=== Section Start ===

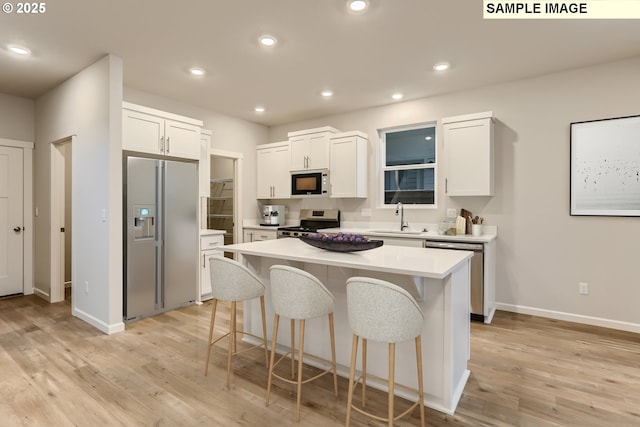 kitchen with stainless steel appliances, sink, white cabinetry, light hardwood / wood-style flooring, and a kitchen island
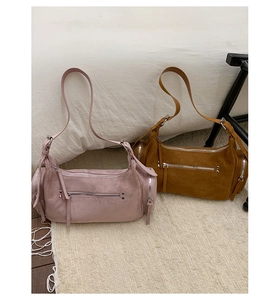 Détail de sacs à bandoulière en daim rose et marron avec fermetures éclair argentées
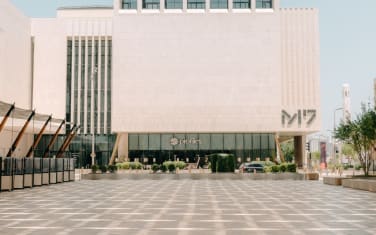 Un edificio moderno con grandi muri in pietra beige e alte finestre, contrassegnato con la scritta "M7", sorge dietro una spaziosa piazza decorata con alberi e alcune auto parcheggiate, evocando l'energia creativa di Art Basel Doha.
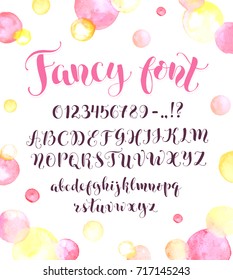 Fancy calligraphy font with watercolor spots isolated on background. Uppercase, lowercase letters, numbers and symbols. Hand drawn modern script. Beautiful modern alphabet.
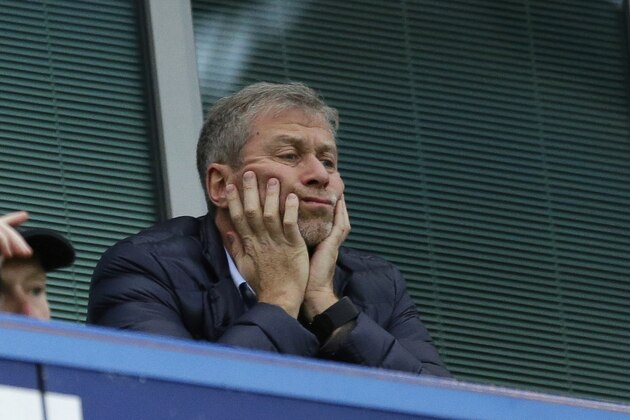 FILE - In this file photo dated Saturday, Dec. 19, 2015, Chelsea soccer club owner Roman Abramovich sits in his box before the English Premier League soccer match between Chelsea and Sunderland at Stamford Bridge stadium in London.  According to a joint statement Monday Aug. 7, 2017, 50-year old Russian tycoon Roman Abramovich and his wife Dasha Zhukova have announced their impending divorce, after ten years together. (AP Photo/Matt Dunham, FILE)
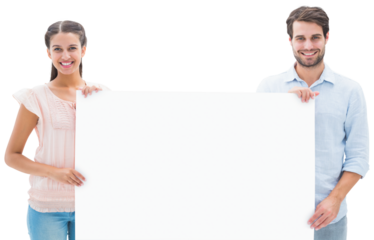 Attractive young couple smiling at camera holding poster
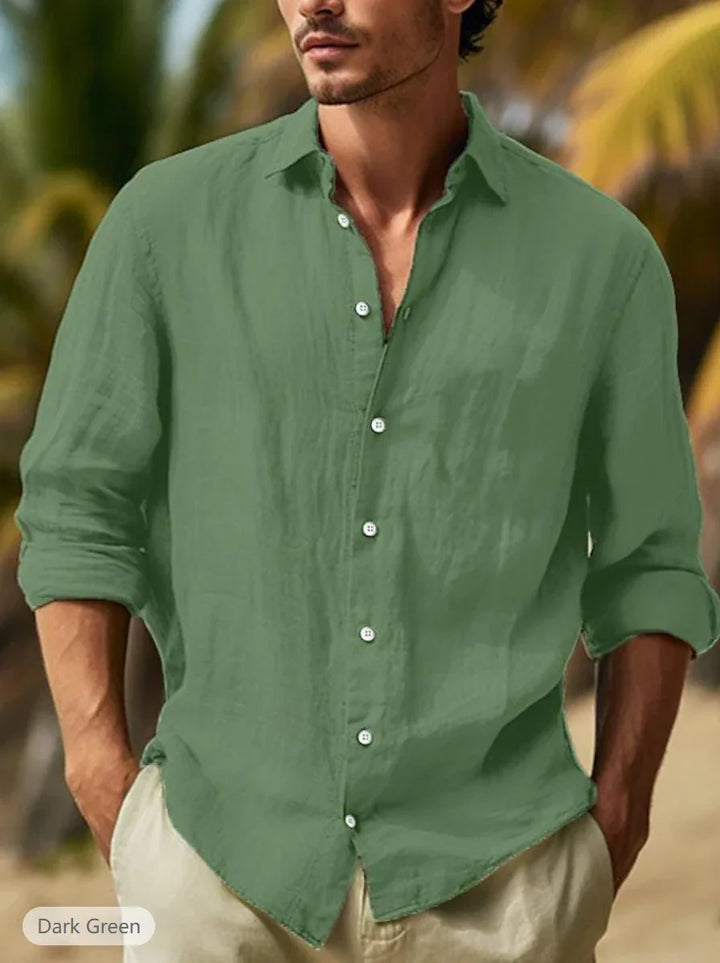 Man wearing casual dark green button-up linen shirt with rolled sleeves in outdoor tropical setting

=== Section End ===

Reproduce the span beginning at the line with "Attractive young couple" and ending at the last line of the entries above, inclusive, exactly as it stands. Exclude the pictures.

 Attractive young couple smiling at camera holding poster
 Man wearing casual dark green button-up linen shirt with rolled sleeves in outdoor tropical setting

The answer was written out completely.